2009 Writer-in-Residence Russell Shorto

Russell Shorto is perhaps best known as the author of The Island at the Center of the World: The Epic Story of Dutch Manhattan and the Forgotten Colony that Shaped America as well as Descartes' Bones: A Skeletal History of the Conflict Between Faith and Reason and Amsterdam: A History of the World's Most Liberal City. He is also a contributing writer for The New York Times Magazine and heads The John Adams Institute in Amsterdam.


2008 Writer-in-Residence Charles C. Mann

Charles C. Mann is a correspondent for Science and The Atlantic Monthly, and a three-time finalist for the National Magazine Award. However, he is best known for his books 1491: New Revelations of the Americas Before Columbus, which won the National Academies Communication Award, and 1493: Uncovering the New World Columbus Created. More recently, he published 1493 for Young People: From Columbus's Voyage to Globalization. As the UMass Depertmant of History's Writer-in-Residence, Mann met with a number of undergraduate and graduate classes in the History, Journalism, and Anthropology departments. His public lecture discussed how to bring historical and scientific research to non-academic audiences.
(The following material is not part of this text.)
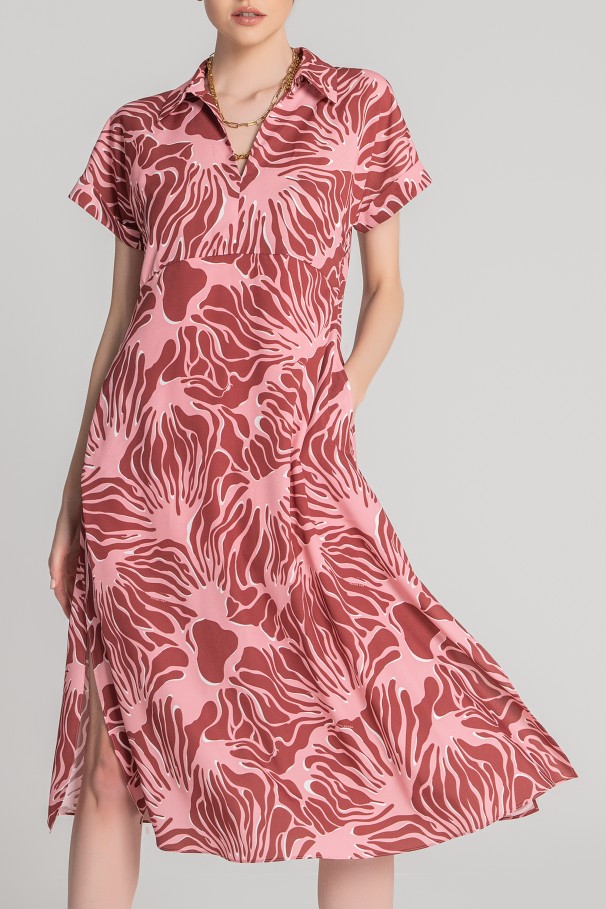 Printed dress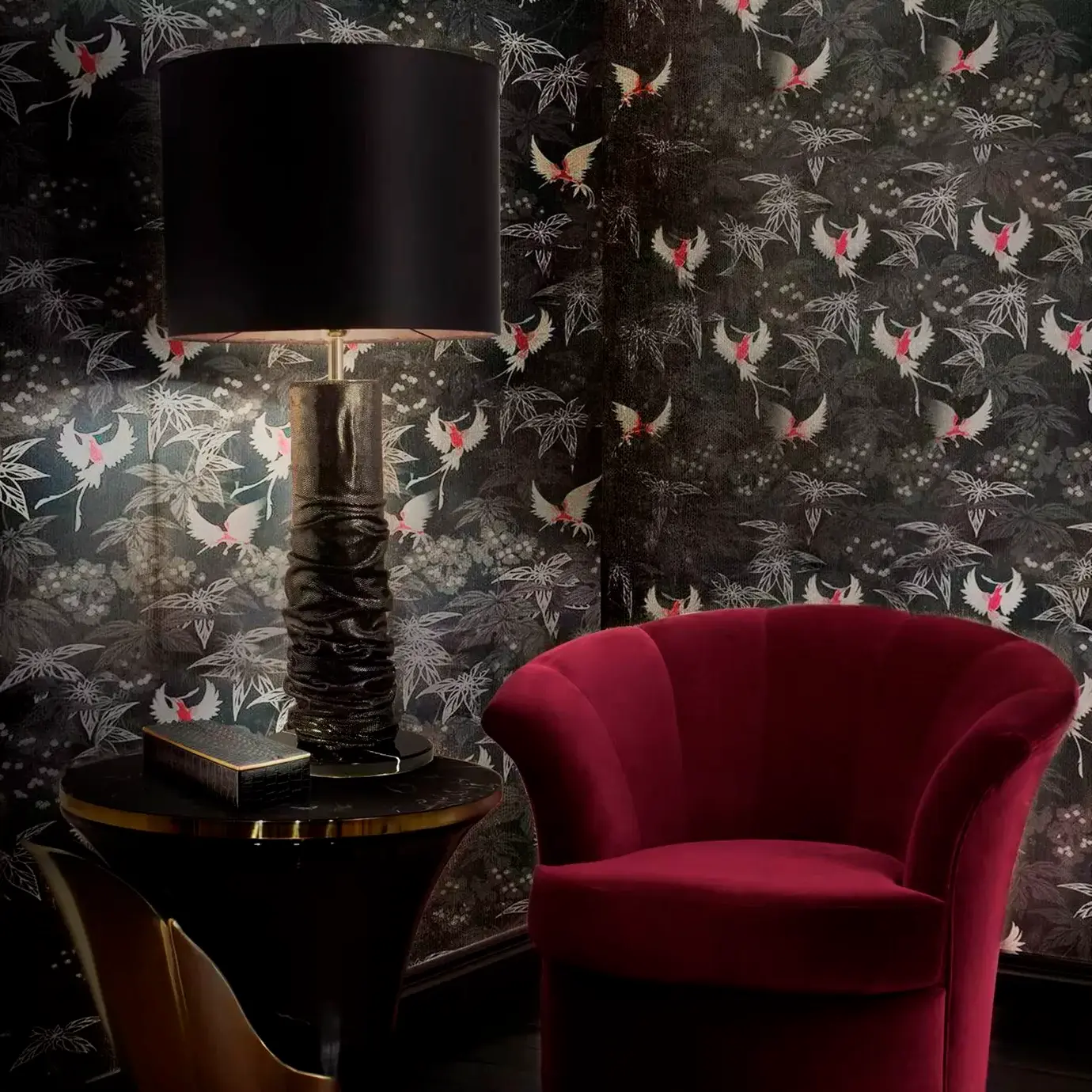 Candeeiro de mesa Ruchê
2007 Writer-in-Residence Charles Sennott

Charles Sennott, the 2007 Writer-in-Residence, is an award-winning journalist and a former Middle East and European bureau chief for the Boston Globe. During his long career as a reporter and on-air analyst, he covered international stories such as the first World Trade Center bombing and the oil industry in Saudi Arabia. He has also produced an array of multimedia works. He is currently the Vice President and Executive Editor of GlobalPost news. Sennott completed his undergraduate degree in History at UMass Amherst and an M.S. at Columbia University's Graduate School of Journalism.


2006 Writer-in-Residence Dennis McNally

Dennis McNally, who completed his PhD at UMass Amherst, is the longtime publicist for The Grateful Dead and the band's official biographer. He is also the author of the book, Desolate Angel: Jack Kerouac, the Beat Generation, a work based on his doctoral dissertation.